Evolution of the frequency of different decisions per round (heatmap) along with the average contribution (black line), for (a) PGG100, (b) PGG1000, (c) PGG_HM, (d) PGG_HM2, (e) PGG_H, (f) PGG_H2. In the heatmap, yellowish (redish) squares correspond to low (high) frequencies (see scale).

Another fact that should be taken into account is that in our setup, decisions are made on a daily basis. When experiments are conducted in the lab, people make decisions repeatedly in relatively short time. The very different mind setups with which subjects face these decisions render a comparison with previous results particularly relevant. From the experiments available in the literature, the ones with a closer multiplication factor/endowment ratio (see Methods) to ours are those of Dietrich et al.13. The average contributions reported in that reference fall within the range of variability of our results, suggesting that their potential differences are not statistically significant. Thus we can conclude that the far longer decision interval of our experiments does not seem to have a significant impacting on the results. Normann et al.22 reached a similar conclusion in Cournot market experiments. Unfortunately, we do not have access to the data of previous experiments to perform a more quantitative comparison.
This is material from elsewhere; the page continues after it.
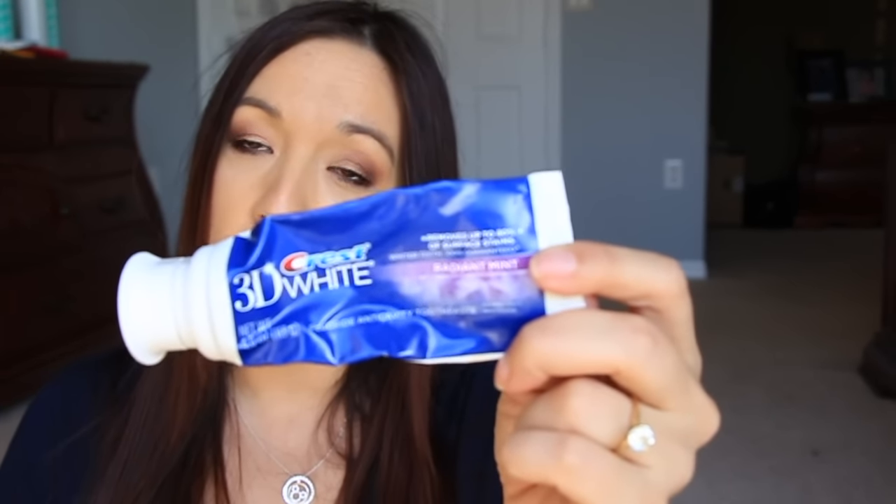Next is a toothpaste — I think I had one of these in my last empties. This is the Crest 3D White in Radiant Mint. I really like the Crest version; that's what I normally use. I'm using Colgate right now but I prefer Crest. I think it does a great job at maintaining white teeth. If you're looking for a whitening toothpaste, this is it.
Information effects on cooperation

We now turn to the discussion of the effect of information on both individual contributions and collective outcomes of the PGG. Along with the two treatments just discussed, where participants were informed of the mean contribution, we have also considered the effect of providing them the distribution of players’ contributions, either alone or together with the mean contribution. Figures 1 and S4 show that the contribution in the first round is close to half the endowment (46.6%), with no significant differences between treatments (see Wilcoxon-Mann-Whitney rank sum test results in Methods). Given the lack of information in the first round, this result makes sense. This value is comparable to what has been observed in previous experiments (see e.g. refs23,24), as it is the fact that during the first three rounds the average contributions remains at similar values irrespective of the treatment. In fact, the average contribution does not decrease monotonically from the beginning, but shows a slight increase for a few rounds (eight rounds in the PGG_H and PGG_HM treatments, and three in the rest), decreasing afterwards. This feature appears in other PGG experiments (see e.g. ref.25). We thus conclude that, concerning the average contributions (Fig. 1), none of the six treatments considered here exhibits very significant differences.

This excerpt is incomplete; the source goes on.